Web page caption snippets:
———

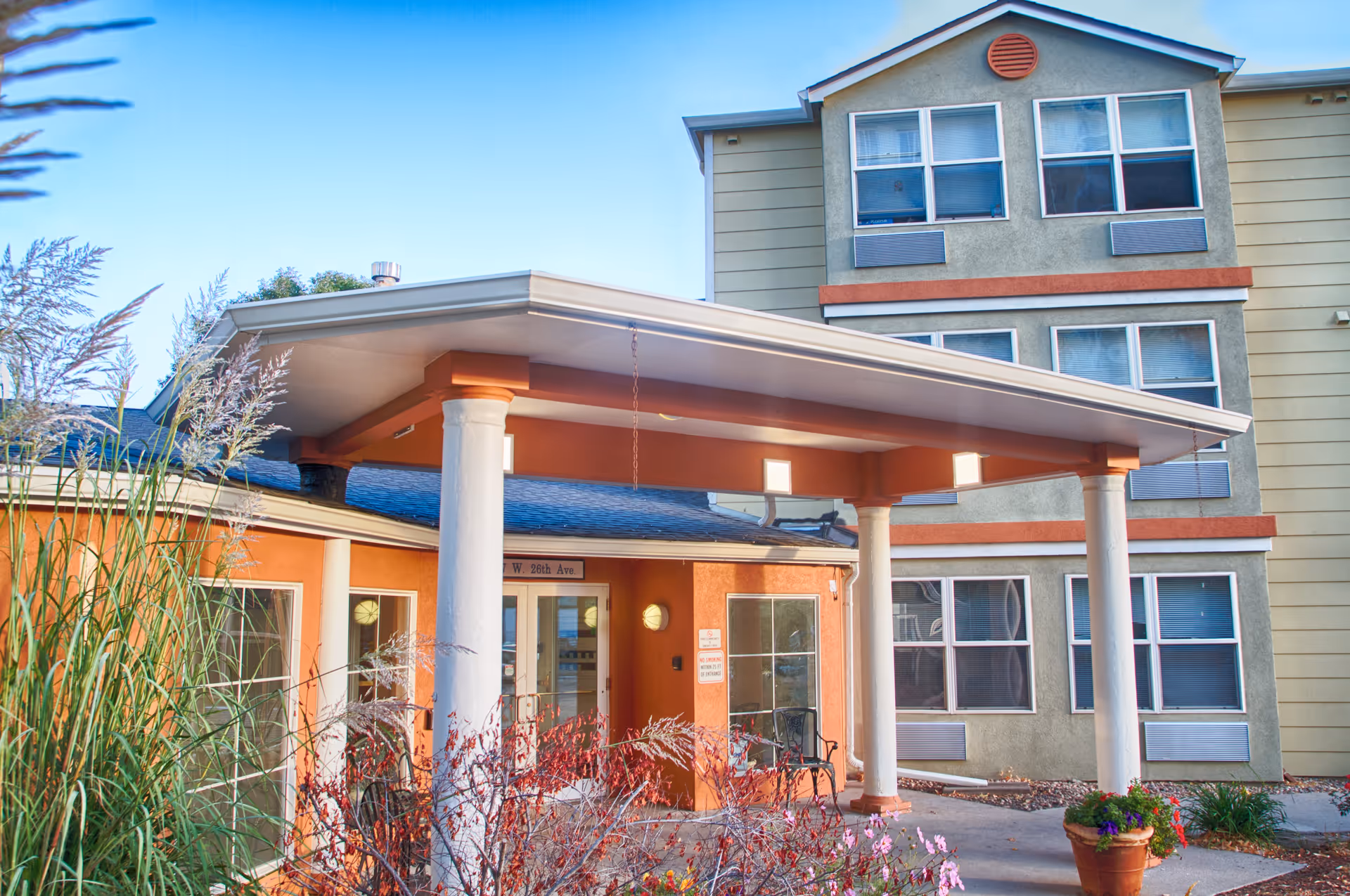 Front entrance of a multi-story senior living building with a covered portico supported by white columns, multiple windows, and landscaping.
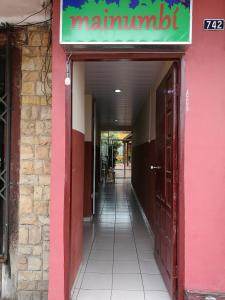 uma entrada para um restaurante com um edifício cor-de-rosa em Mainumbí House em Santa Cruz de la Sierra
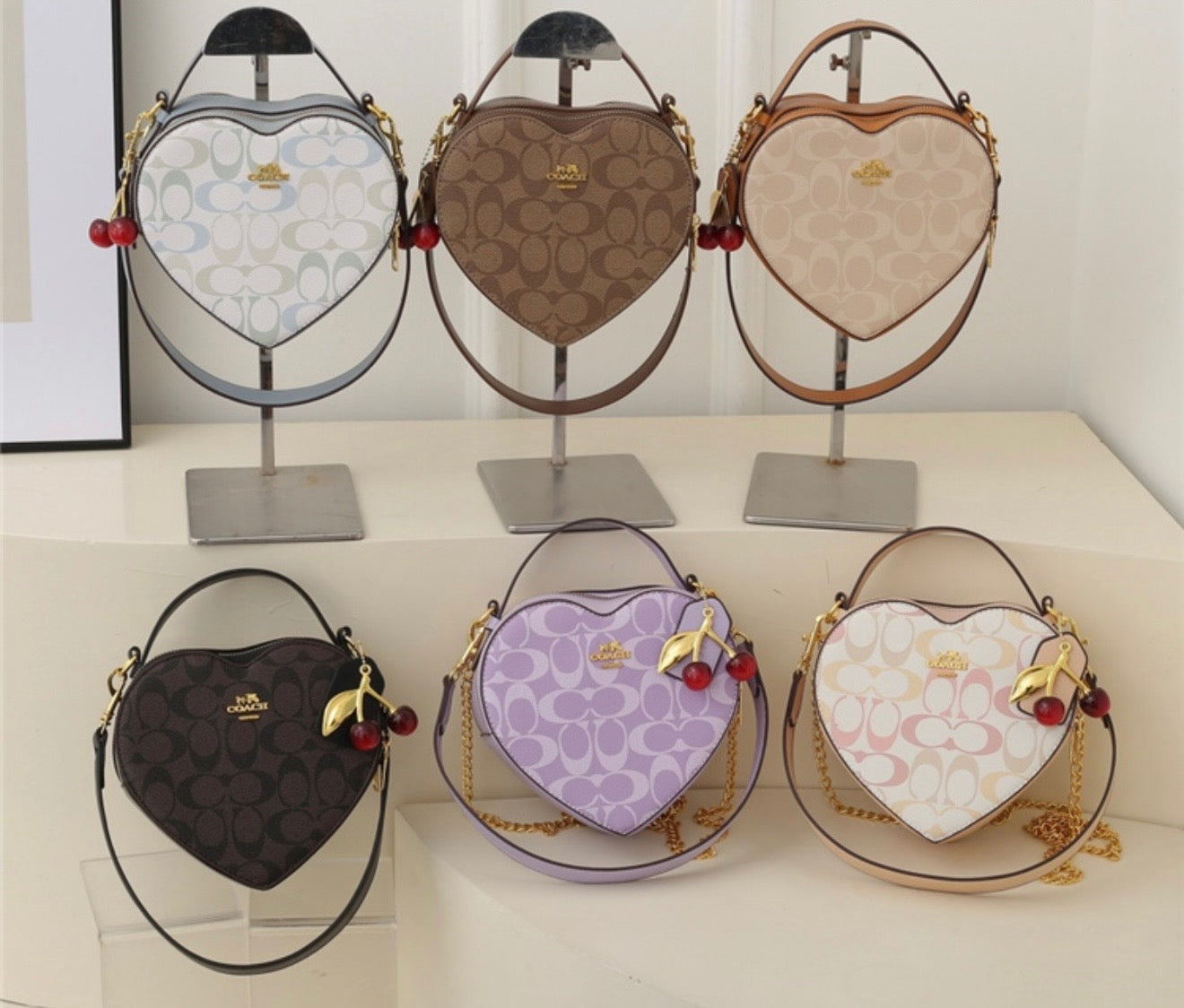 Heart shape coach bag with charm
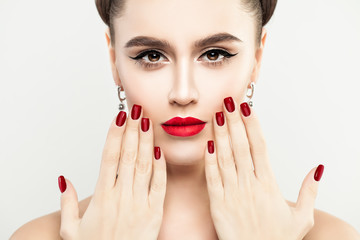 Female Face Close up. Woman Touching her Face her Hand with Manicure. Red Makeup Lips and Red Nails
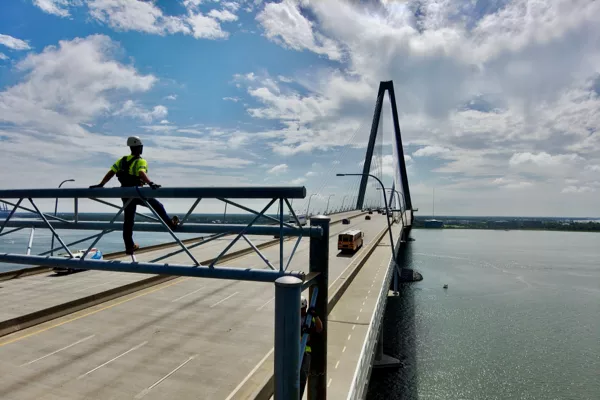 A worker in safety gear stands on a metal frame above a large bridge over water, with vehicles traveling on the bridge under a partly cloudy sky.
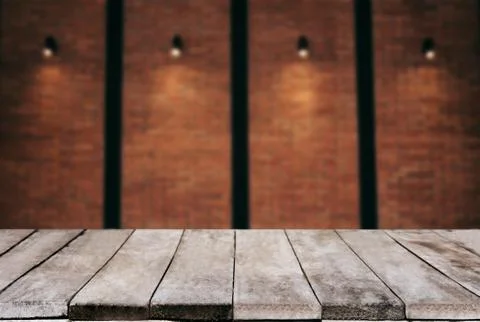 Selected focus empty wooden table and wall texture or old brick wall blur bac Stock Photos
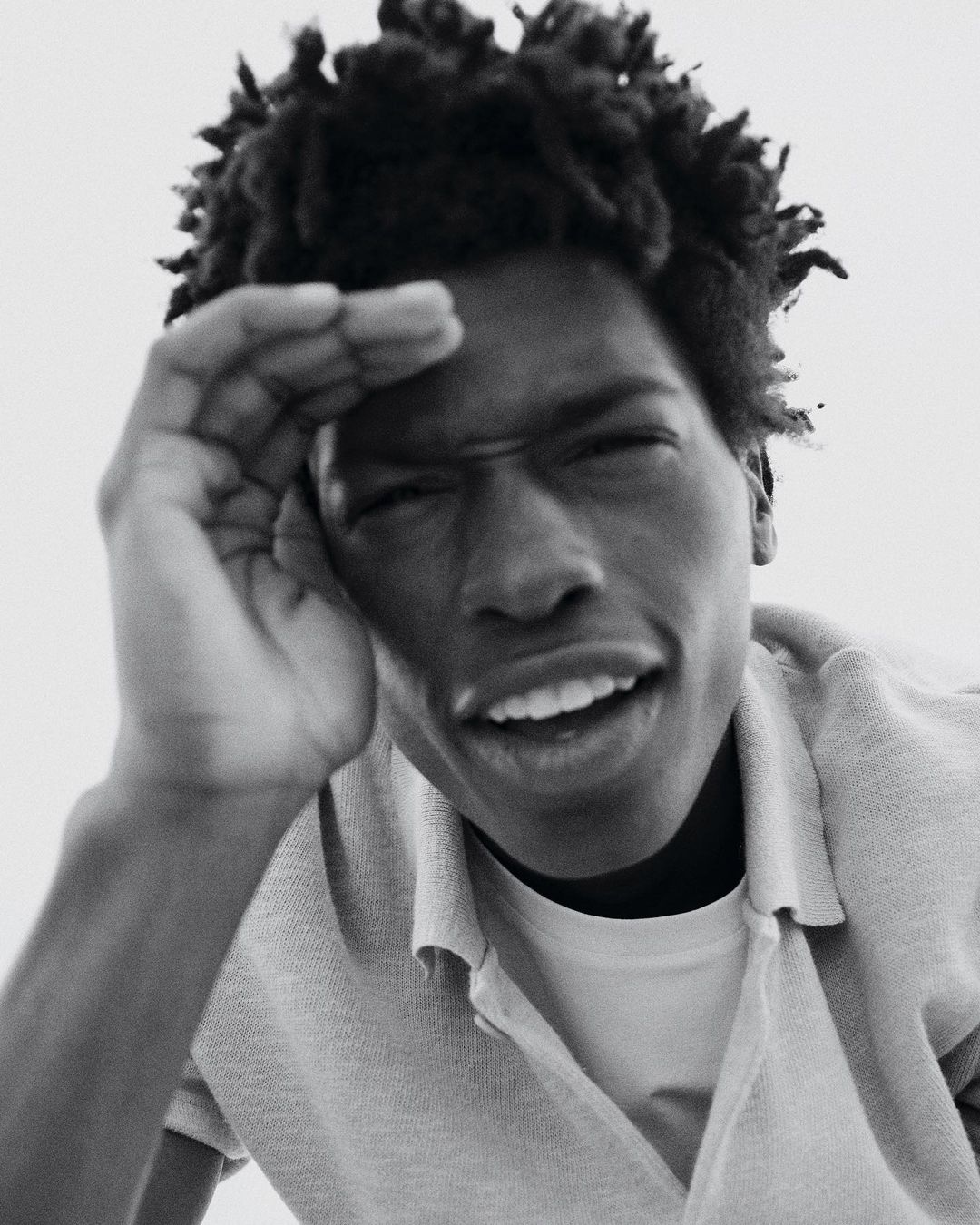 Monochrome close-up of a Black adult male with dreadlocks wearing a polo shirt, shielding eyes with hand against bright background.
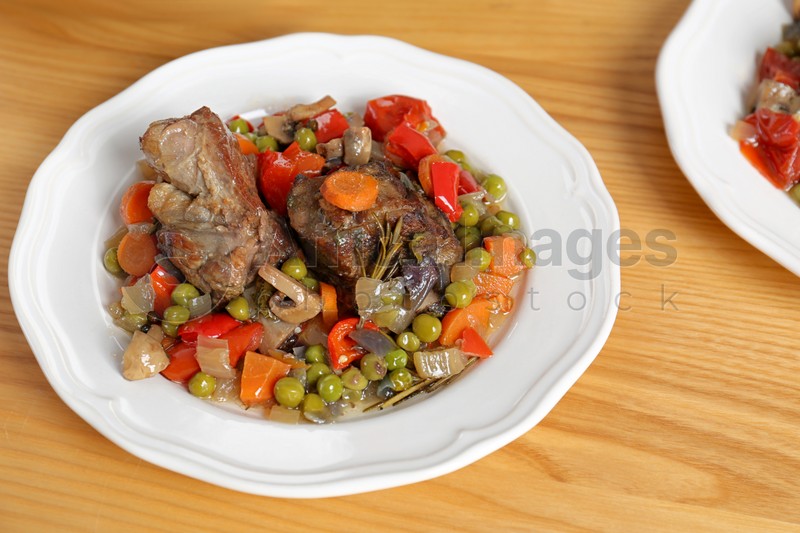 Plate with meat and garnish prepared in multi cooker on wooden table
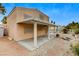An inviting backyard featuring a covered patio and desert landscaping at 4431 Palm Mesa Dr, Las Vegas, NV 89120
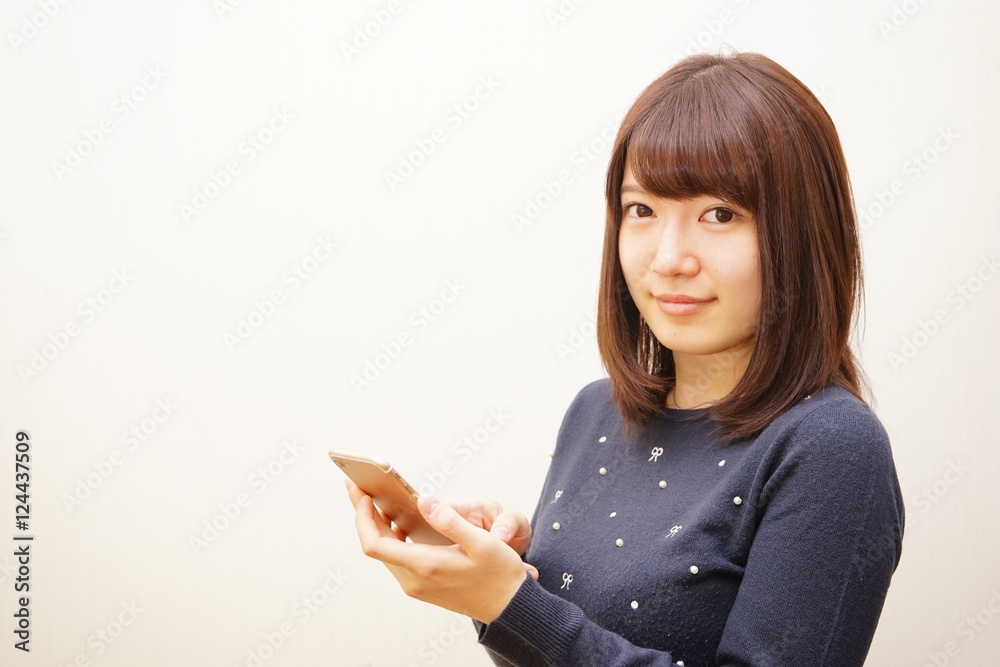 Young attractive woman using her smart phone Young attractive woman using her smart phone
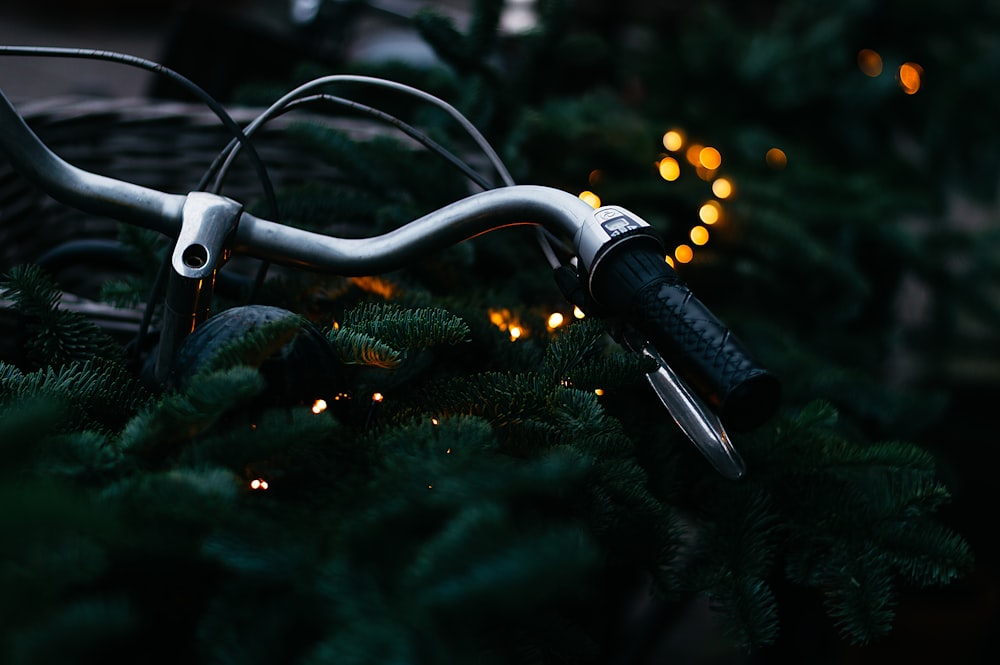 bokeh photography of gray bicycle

———

§ **Your goal**:
Above are records; repeat only the lines from the line with "Heart shape coach bag with charm" through the line with "Plate with meat", and leave pictures out.

§ **Answer section**:
 Heart shape coach bag with charm
 Female Face Close up. Woman Touching her Face her Hand with Manicure. Red Makeup Lips and Red Nails
 A worker in safety gear stands on a metal frame above a large bridge over water, with vehicles traveling on the bridge under a partly cloudy sky.
 Selected focus empty wooden table and wall texture or old brick wall blur bac Stock Photos
 Monochrome close-up of a Black adult male with dreadlocks wearing a polo shirt, shielding eyes with hand against bright background.
 Plate with meat and garnish prepared in multi cooker on wooden table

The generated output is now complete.